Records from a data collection

*** Begin section ***

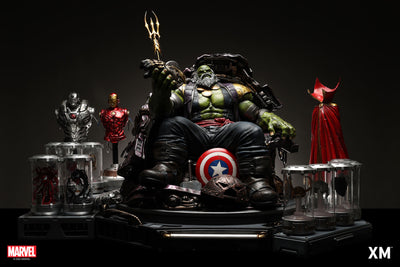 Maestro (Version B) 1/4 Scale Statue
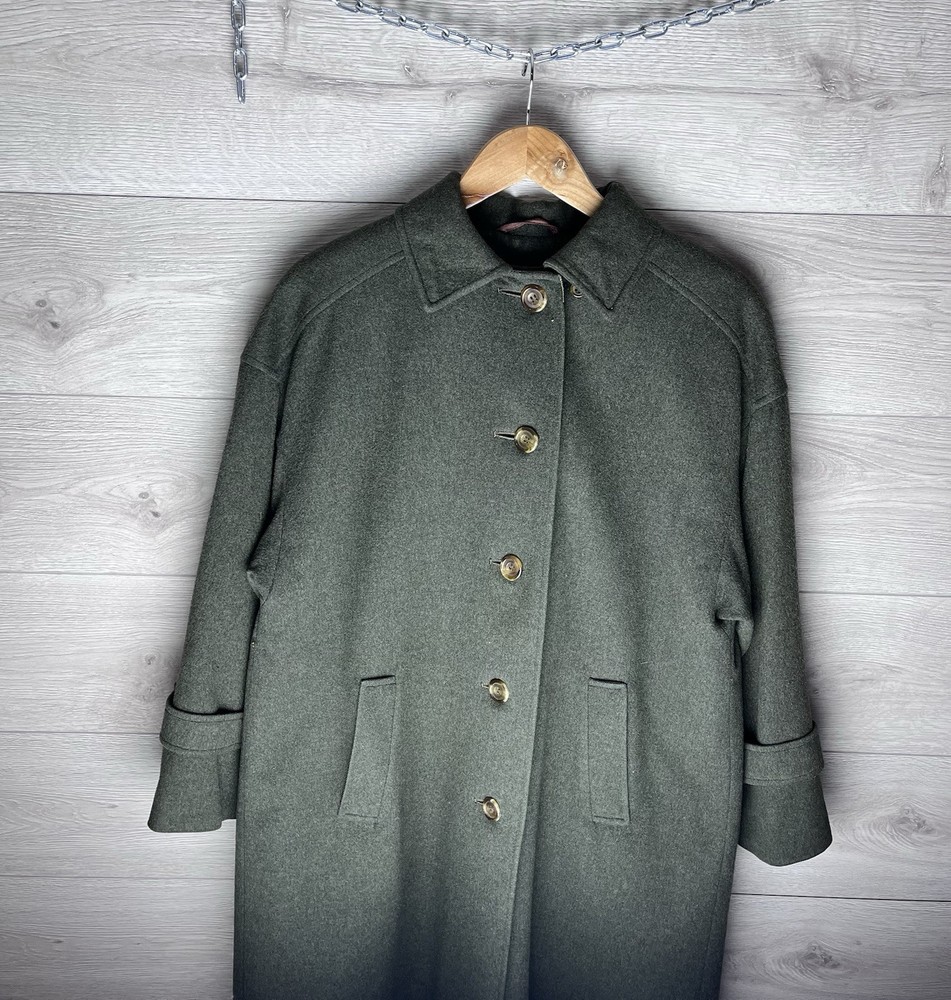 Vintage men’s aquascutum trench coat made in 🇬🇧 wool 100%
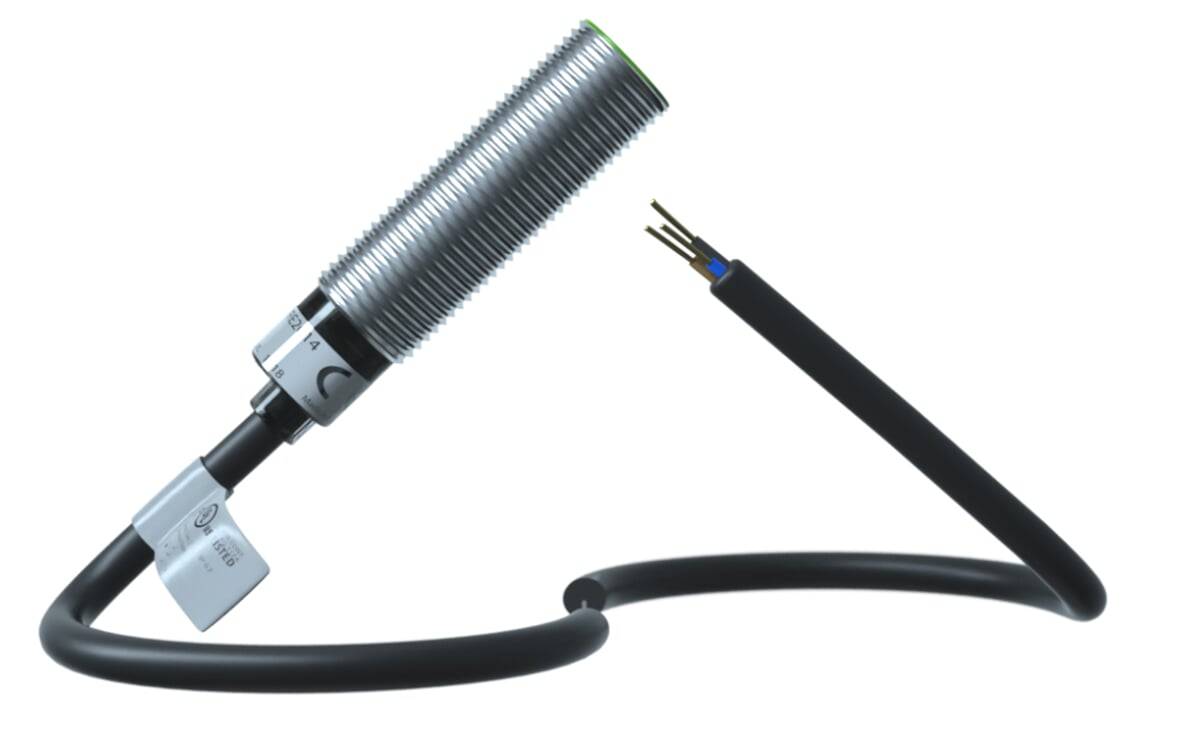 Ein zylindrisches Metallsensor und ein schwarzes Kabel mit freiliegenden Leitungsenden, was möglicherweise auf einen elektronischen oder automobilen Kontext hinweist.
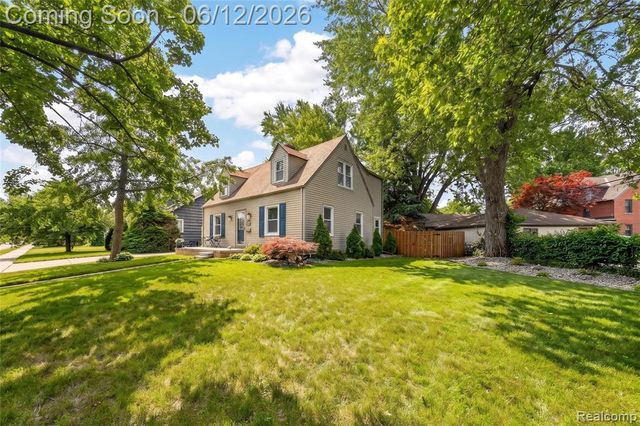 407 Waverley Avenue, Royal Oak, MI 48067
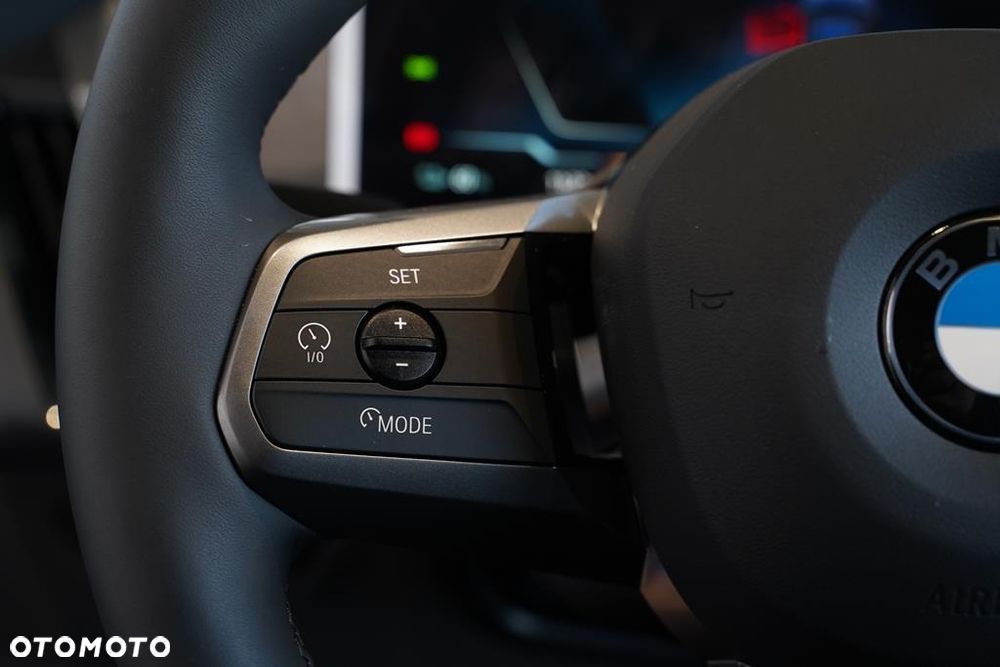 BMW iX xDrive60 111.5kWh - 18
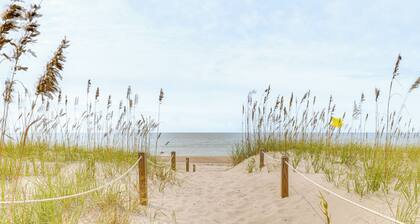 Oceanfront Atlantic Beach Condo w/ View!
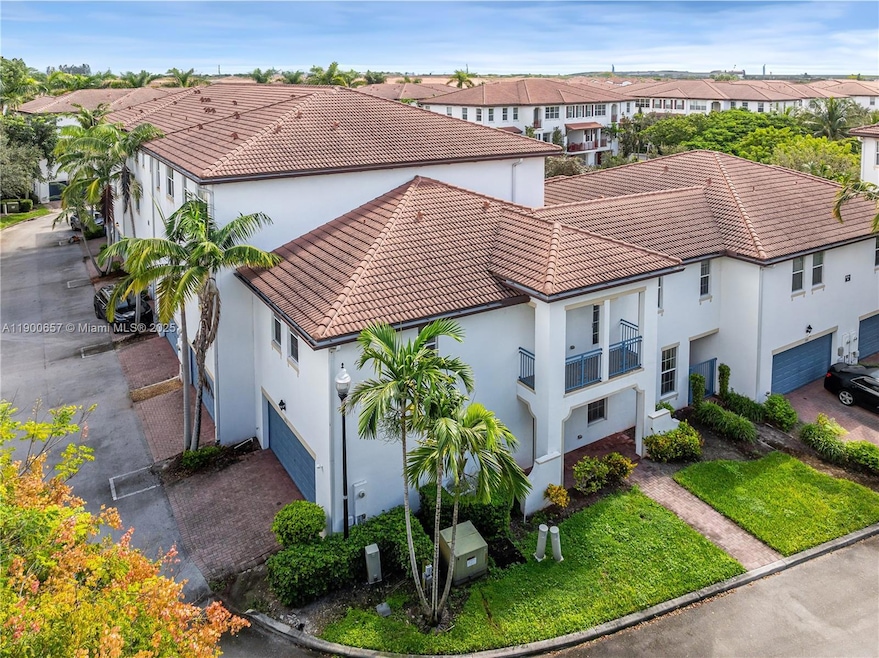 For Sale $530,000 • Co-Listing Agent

*** End section ***

ABOUT THIS TASK
Pictures stay out; reproduce every line of the records exactly.

RESULT FOR THIS EXERCISE
 Maestro (Version B) 1/4 Scale Statue
 Vintage men’s aquascutum trench coat made in 🇬🇧 wool 100%
 Ein zylindrisches Metallsensor und ein schwarzes Kabel mit freiliegenden Leitungsenden, was möglicherweise auf einen elektronischen oder automobilen Kontext hinweist.
 407 Waverley Avenue, Royal Oak, MI 48067
 BMW iX xDrive60 111.5kWh - 18
 Oceanfront Atlantic Beach Condo w/ View!
 For Sale $530,000 • Co-Listing Agent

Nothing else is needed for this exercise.